帰り道、ふたり







「ねぇ日吉っ一緒に帰ろ?」





私と日吉は家が近いからよく一緒に帰っていた。

"よく"っていっても小学校のころの話だけど。











「何でわざわざお前と帰らないといけないんだよ。」









日吉が部活に入ってるせいもあるけど、なんだか一緒に居られる時間が少なくなった気がする。





いや、少なくなったんだ。









理由はやっぱりアレだ。
テニス部。




何故がイケメンばかりのあの部活。
特にレギュラー達はまるでホストのようだと聞いたことがある。

ファンクラブまであるとなると・・・・・
もしあの中のメンバーに彼女が出来ようものならそれこそお相手の子は袋叩きで ある。







準レギュラーもまた然り







それを気遣ってか日吉は自分が準レギュラーになると私を自然と避けるように なったのだ。
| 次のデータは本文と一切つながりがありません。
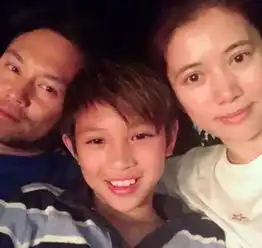 13岁魔童被爆恋情,她这个亲妈却笑疯了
別に付き合ってるわけでもないし、たまに一緒に帰るくらいいいじゃないかと私 は不満に思ってる。

今まで当たり前のようにこの関係を続けていて、 これからもそれは変わらないと思っていたのに・・・・








――――なんか、物足りなかった







だからせめて今日だけは、私は日吉と帰りたくて部活が終わるまで待ち伏せする ことにしました!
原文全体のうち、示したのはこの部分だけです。